大山氏の名人通算は歴代最多の18期。棋戦優勝は羽生 善治氏に次ぐ44回。十五世名人、永世十段、永世王位、永世棋聖、永世王将の五つの永世称号を持っています。特筆すべきことは、29歳でタイトルを手にし、35歳から47歳までは5タイトルのうち3冠以上を保持し続け、一度、49歳の時にタイトルを全て失って無冠となりましたが、50歳にして「十段」位を獲得し、「棋聖」にも返り咲き二冠、59歳までタイトルを維持したということです。
大山名人はたくさんの著書を残されていますが、その中で、「勝負のこころ」(PHP文庫)に書かれていることを紹介します。
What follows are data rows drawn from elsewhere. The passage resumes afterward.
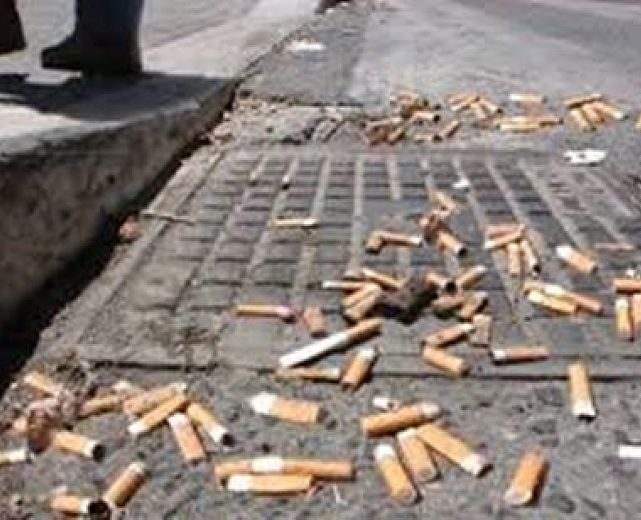 02102014 mozziconi strada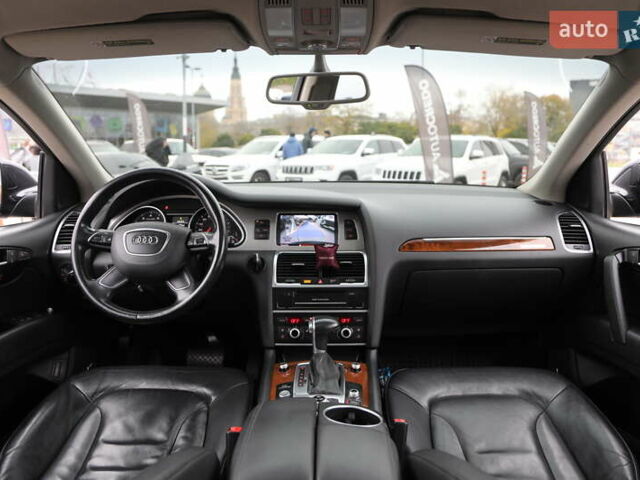 Чорний Ауді Ку 7, об'ємом двигуна 3 л та пробігом 223 тис. км за 16800 $, фото 12 на Automoto.ua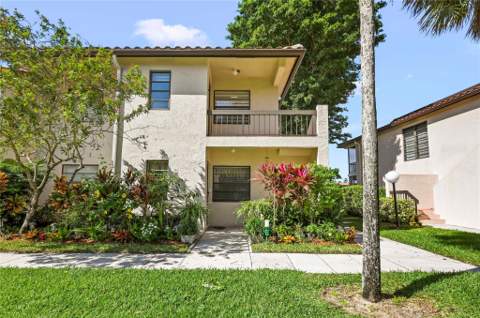 21649 Juego Circle #4 E, Boca Raton FL - photo 8 of 26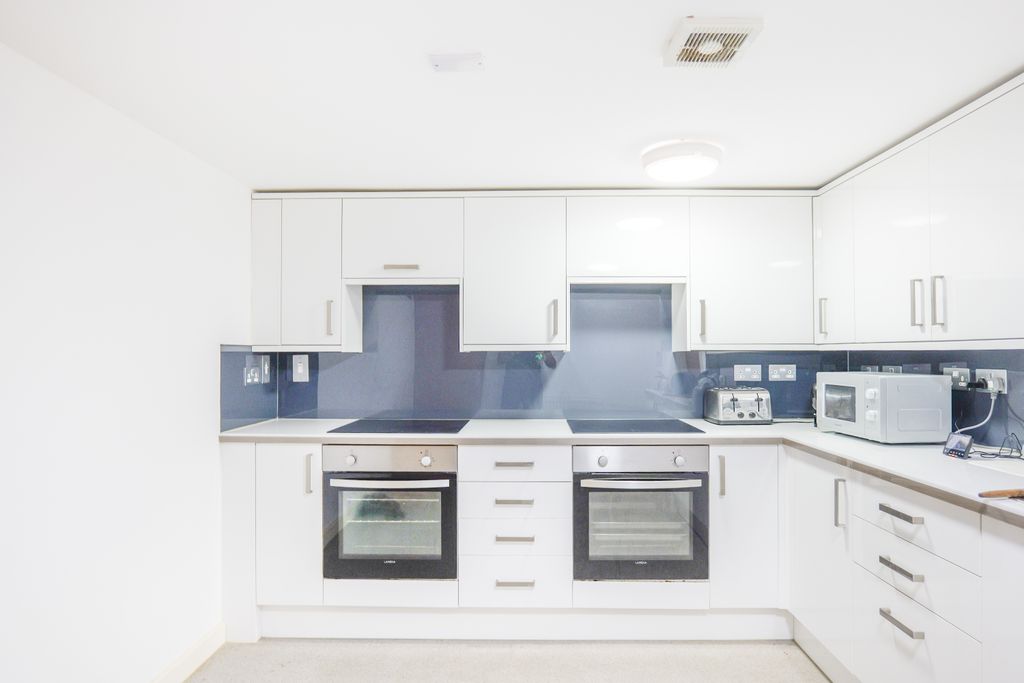 Property photo 2 of 50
「いつも私は「忍」をモットーとし、「七転八起」を座右の銘として戦ってきた。その結果が、優勝百十回という記録を作ることとなった。記録は意識して作るものではなく、一つ一つの積み重ねが、結果として大記録となったのだと私は思っている。」
「勝負は日常心にあると私は思う。ふだんトレーニングを怠って、いざ勝負の場に臨んで力を出そうとしても成功するものではない。小さいことの積み重ねが、その人の実力となってあらわれる。長い勝負の生活の体験から、私はそう信じている。」
大山氏は、名人を失った時、1日100本吸っていた煙草を断ち、ゴルフも一瞬のうちに決断を迫られる将棋の勝負には不向きと考えてやらなくなったといいます。毎日、毎日がトレーニングの連続であり、食事にも気をつけ、常にコンディション作りに気を配ってきたのだそうです。世の中のことは、せんじつめると、すべて勝負につながってきます。白黒はっきりつくものと、そうでないものとの違いはあっても、人生は勝つか負けるかの勝負の連続です。そして、勝負に勝つ秘訣は、日常心にあると言っています。
また、大山氏は、こんなことも書いています。
「同世代の仲間のうちで、私だけがずば抜けた才能に恵まれていたのではない。むしろ逆であって、ずば抜けた天才でなかったから、長く名人の地位にとどまることができたのだと思う。」
「弟子には手をとって教えないが、疑問には答えてやる。自分で学ぼうとする姿勢には、師匠としては力を貸してやる。・・・褒め方は、非難することより難しい。褒めてやることが、その人の実力を過大評価するものなら、害こそあれ、益はない。その人は、力を過信して、いつかは化けの皮がはげる。そういう褒め方なら、褒めない方がその人のためになるだろう。」